What the exercise asks:
In your reply, print every line of the listing exactly and omit all images.

Data to examine:

Start of Block

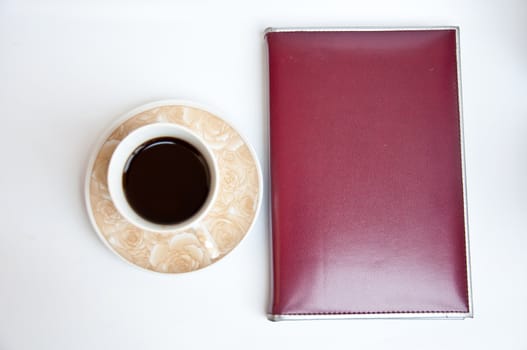 brown notebook and black coffee on white background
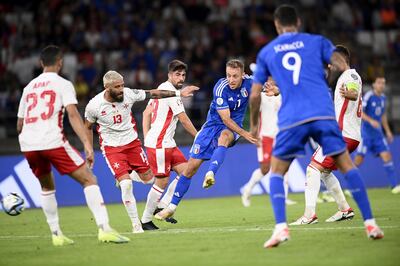 Davide Frattesi completed the rout with Italy's fourth goal in injury time. AP
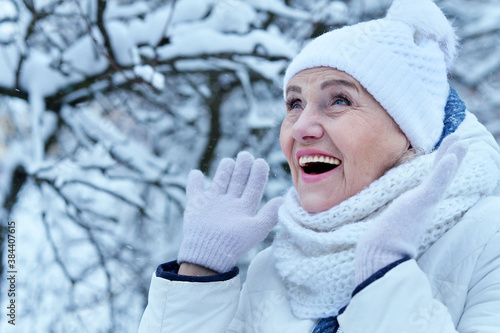 Happy beautiful senior woman in warm hat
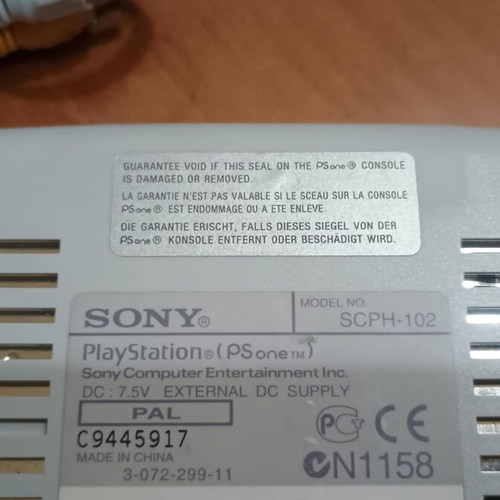 PSone slim console with third-party memory card and controller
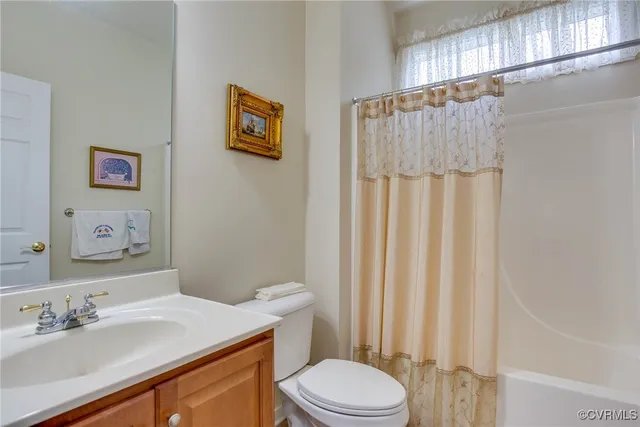 a bathroom with a sink a toilet and shower curtain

End of Block

Response:
 brown notebook and black coffee on white background
 Davide Frattesi completed the rout with Italy's fourth goal in injury time. AP
 Happy beautiful senior woman in warm hat
 PSone slim console with third-party memory card and controller
 a bathroom with a sink a toilet and shower curtain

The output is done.